*Problem to work on*
All that is needed is an exact copy of the lines from the beginning of the data below through the line containing "Грузило рибальське, Кільце, з", minus the pictures.

::: Information given

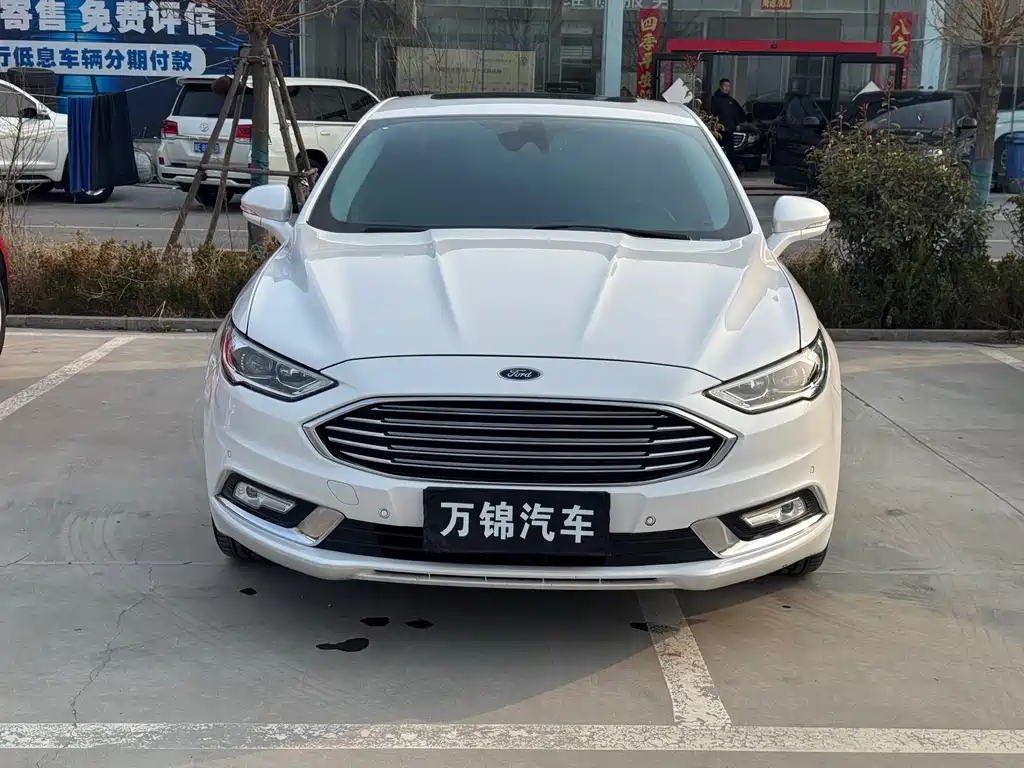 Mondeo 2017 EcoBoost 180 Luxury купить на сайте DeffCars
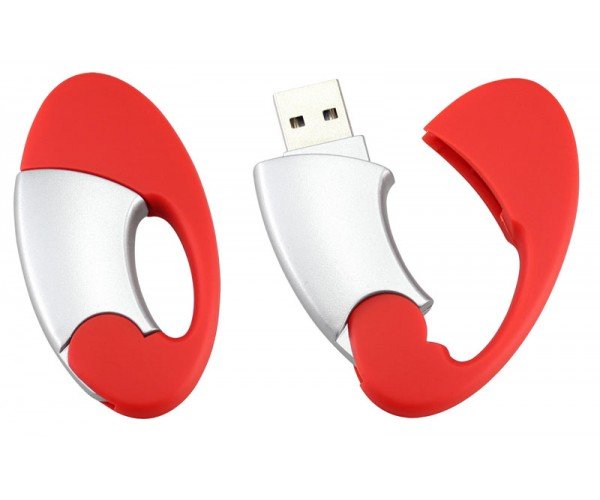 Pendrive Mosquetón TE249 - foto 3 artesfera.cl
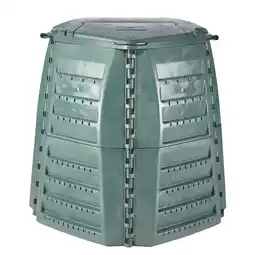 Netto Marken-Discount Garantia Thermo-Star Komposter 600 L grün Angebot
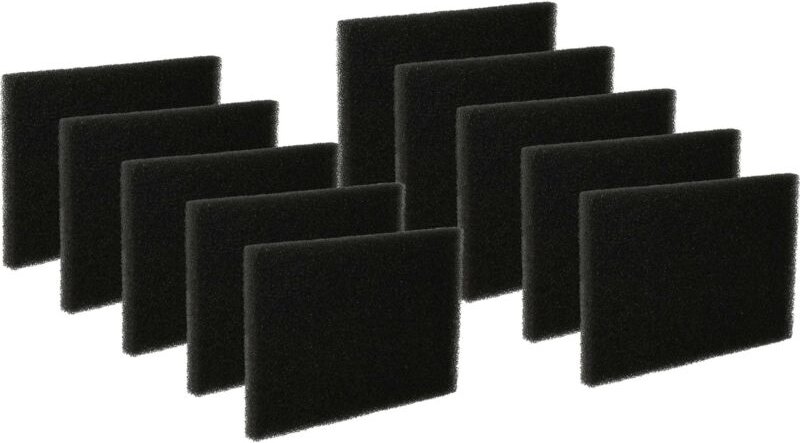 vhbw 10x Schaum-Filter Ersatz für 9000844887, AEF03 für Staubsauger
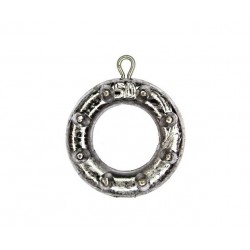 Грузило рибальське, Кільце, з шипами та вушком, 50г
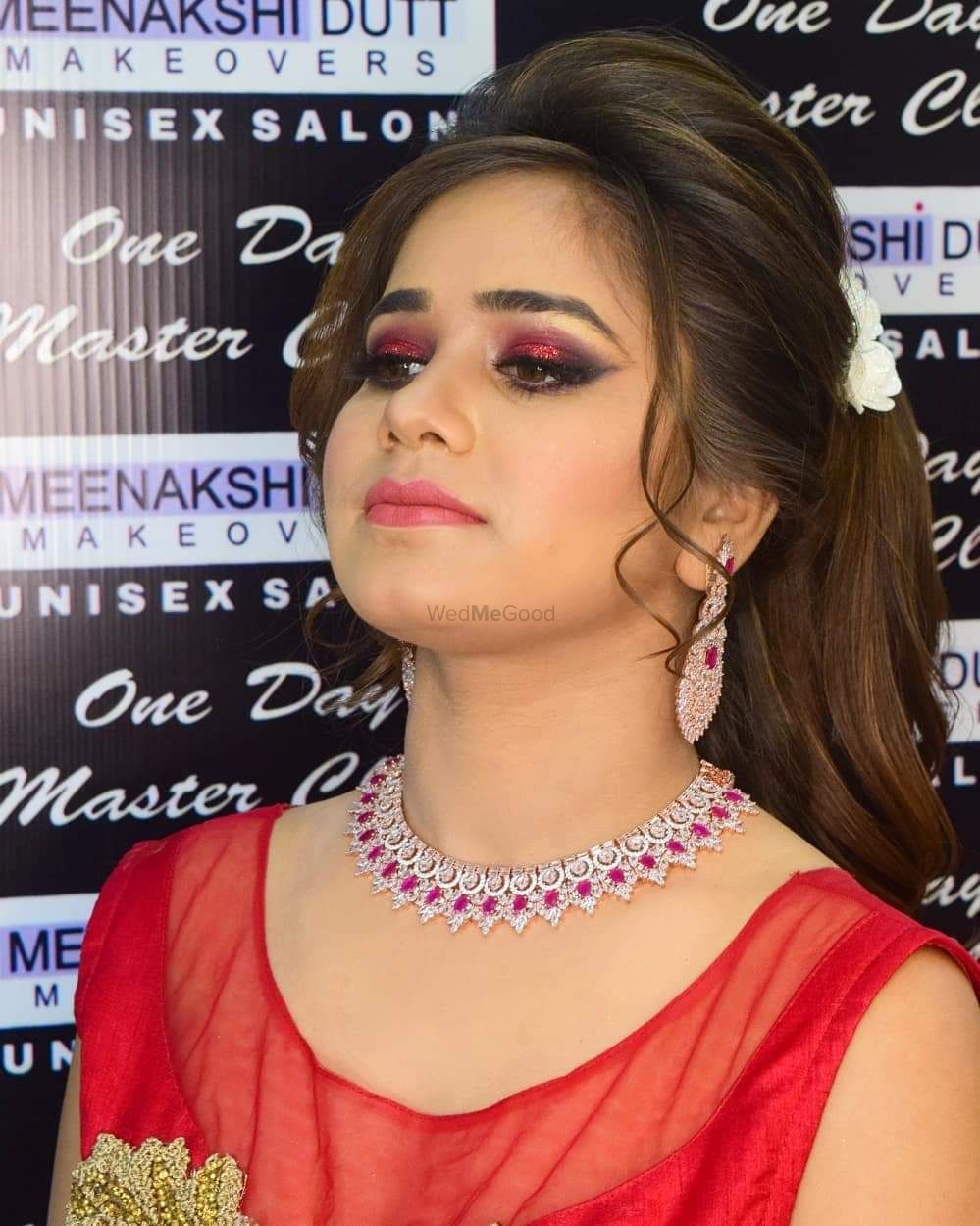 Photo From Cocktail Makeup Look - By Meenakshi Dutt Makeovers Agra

::::::

*Your response*
 Mondeo 2017 EcoBoost 180 Luxury купить на сайте DeffCars
 Pendrive Mosquetón TE249 - foto 3 artesfera.cl
 Netto Marken-Discount Garantia Thermo-Star Komposter 600 L grün Angebot
 vhbw 10x Schaum-Filter Ersatz für 9000844887, AEF03 für Staubsauger
 Грузило рибальське, Кільце, з шипами та вушком, 50г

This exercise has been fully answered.